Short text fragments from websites
************
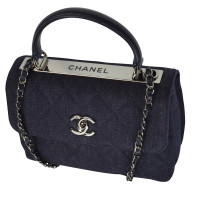 Chanel Bowling Bag in Denim in Blu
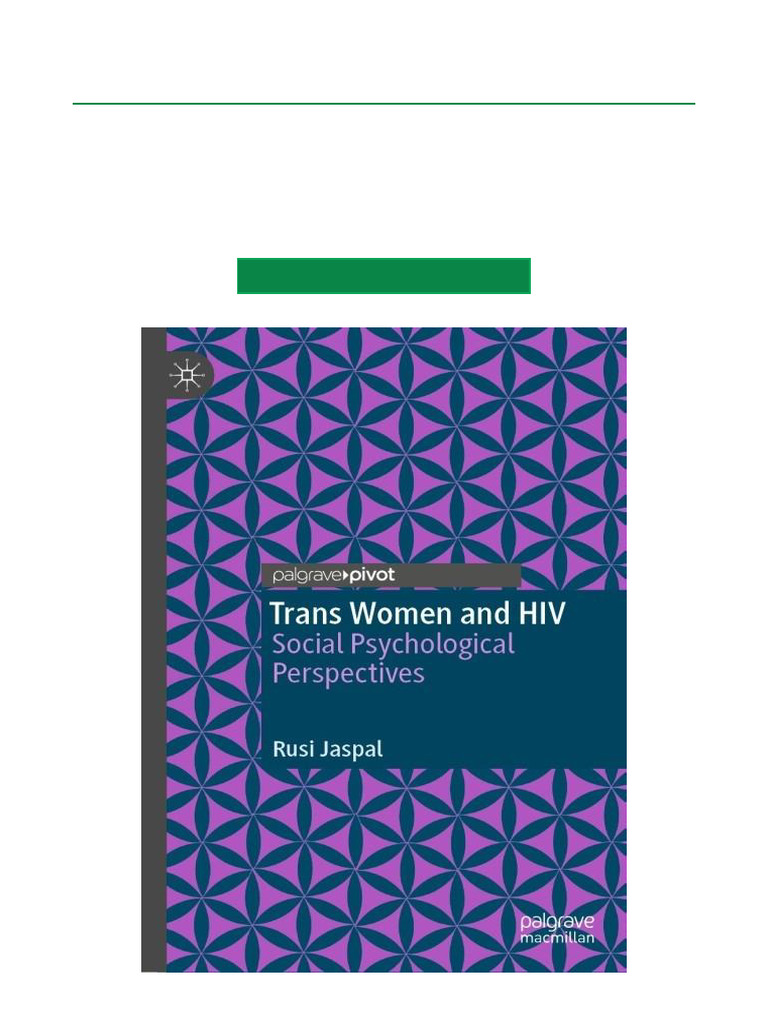 Trans Women and HIV Social Psychological Perspectives Multiformat ...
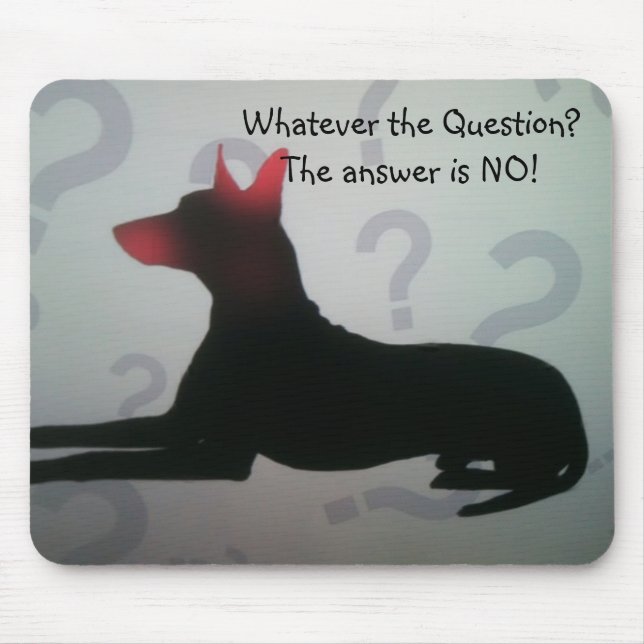 PINSCHER PROBLEM MOUSEPAD (Vorne)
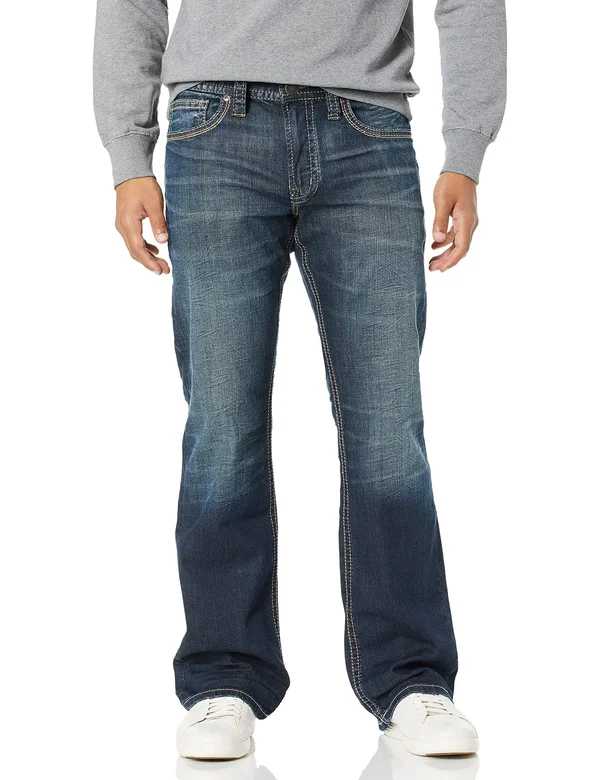 Silver Jeans Co. Men's Zac Relaxed Fit Straight Leg Jeans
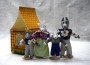 Шагающий театр с домиком "Волк и козлята" (4 персонажа) - fgospostavki.ru - Выкса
************
== WORK INSTRUCTION ==
Print, exactly as written, the lines above from the first one to the one containing "Silver Jeans Co.". Leave out pictures.

== SOLUTION TO THIS TASK ==
 Chanel Bowling Bag in Denim in Blu
 Trans Women and HIV Social Psychological Perspectives Multiformat ...
 PINSCHER PROBLEM MOUSEPAD (Vorne)
 Silver Jeans Co. Men's Zac Relaxed Fit Straight Leg Jeans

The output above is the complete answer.